The information technology era has combined with a generation armed with fancy words and concepts they don’t completely understand to equip a great many with smart-sounding statements, which ultimately fail the more rigorous test of logic, and a wide audience to receive and celebrate their every utterance. 

So while increasing numbers enjoy the wide-reaching channels of media once employed exclusively by professionals, they exist no differently than the trick-or-treaters on Halloween who do their best to look the part.

 
One key distinction here is that the former may make a more compelling case by glossing over complex concepts with smart-sounding words or pseudo-scientific explanation, without anyone in the audience noticing the difference. 

And while the trick-or-treaters eventually return to their regular attire and reveal their true colors, the con artist continues his charade until he returns home for the night, where he’s either miraculously convinced himself that he actually knows what he’s talking about or, otherwise, where he humbly yet privately acknowledges that he’s dishonestly represented himself. 

Any public announcement of this acknowledgment, however, remains a long shot, as he simply stands to lose too much by that level of honesty — especially as so many have placed such great measures of faith in his pronouncements. 

So, instead, he continues the act into perpetuity, until he’s climbed the proverbial ranks to eminent social or professional approval, he’s reached an impasse where he can no longer justify the con, or he’s been too thoroughly exposed as a fraud to carry on. 

In the latter two cases, there is surely always another aspiring con artist to fill the void, seamlessly filling in for yesterday’s act as if he hadn’t even existed. 

And so without a hitch in the step of socially-fashionable discourse, the inertia beats ceaselessly against the less presentable and more honest outcasts who take sincere interest in seeking the sharpest semblance of the truth, who will not tolerate anything short of cogent and logical explanation, and who will not begin to sell their under-baked goods to the public until they’ve reached completion. 

The same certainly cannot be said about their dishonest run-of-the-mill opponents, who merely pray that their customers don’t notice the difference and, half-heartedly, that they don’t get sick in the process. 

All too often, as it so often appears, disastrous outcomes are uninterested in intentions, nor are they mitigated by them, and the fact that the so-called experts deem them unforeseen or unforeseeable serves only to certify that they were indeed unqualified to testify on the subject in the first place. 
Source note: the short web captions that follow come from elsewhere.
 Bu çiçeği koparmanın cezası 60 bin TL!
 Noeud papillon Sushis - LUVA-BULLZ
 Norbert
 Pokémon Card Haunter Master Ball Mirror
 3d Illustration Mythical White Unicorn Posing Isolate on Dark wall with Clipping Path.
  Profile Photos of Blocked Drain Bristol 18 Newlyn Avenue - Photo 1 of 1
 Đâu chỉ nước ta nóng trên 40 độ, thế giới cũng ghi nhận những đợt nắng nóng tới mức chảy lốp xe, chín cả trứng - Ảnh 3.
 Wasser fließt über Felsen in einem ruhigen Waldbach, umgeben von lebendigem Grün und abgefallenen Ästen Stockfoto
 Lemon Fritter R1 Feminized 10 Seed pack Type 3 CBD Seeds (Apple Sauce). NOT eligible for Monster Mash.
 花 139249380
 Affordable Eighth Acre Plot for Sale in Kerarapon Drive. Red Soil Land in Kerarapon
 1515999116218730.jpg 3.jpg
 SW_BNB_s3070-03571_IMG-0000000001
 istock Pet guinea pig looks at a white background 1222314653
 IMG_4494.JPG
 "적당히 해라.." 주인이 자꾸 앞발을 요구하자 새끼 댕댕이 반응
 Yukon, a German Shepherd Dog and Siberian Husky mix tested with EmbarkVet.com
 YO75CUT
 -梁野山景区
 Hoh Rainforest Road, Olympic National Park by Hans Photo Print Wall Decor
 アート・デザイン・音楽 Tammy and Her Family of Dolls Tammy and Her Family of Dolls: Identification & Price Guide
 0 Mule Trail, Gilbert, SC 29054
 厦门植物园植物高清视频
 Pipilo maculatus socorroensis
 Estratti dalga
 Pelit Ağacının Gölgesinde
Yet, as is the case with anything measured by bare consensus, this phenomenon will endure so long as unexamined emotional appeals triumph over disciplined discourse and incisive investigation. 

The latter today appears too tall an order for the politically-manipulated, intellectually-disinterested public to stomach, as the uncomfortable jolt would necessitate a reconsideration of all that they’ve learned and all that they’ve believed to be true — or rather, not what they’ve believed, but what they believe they’ve known to be true. 

And this plainly amounts to far too much work for adults who’ve already grown into their principles, who’ve placed their immovable stamps of approval on them, and who’ve got no interest in looking back. 

After all, why would they? 

They needn’t do much more than scan their news feeds or tune in to YouTube to find the next viral philosophical dance which is often more than enough to entrance the unwitting observer, which is so often more than adequate to fake it till you make it.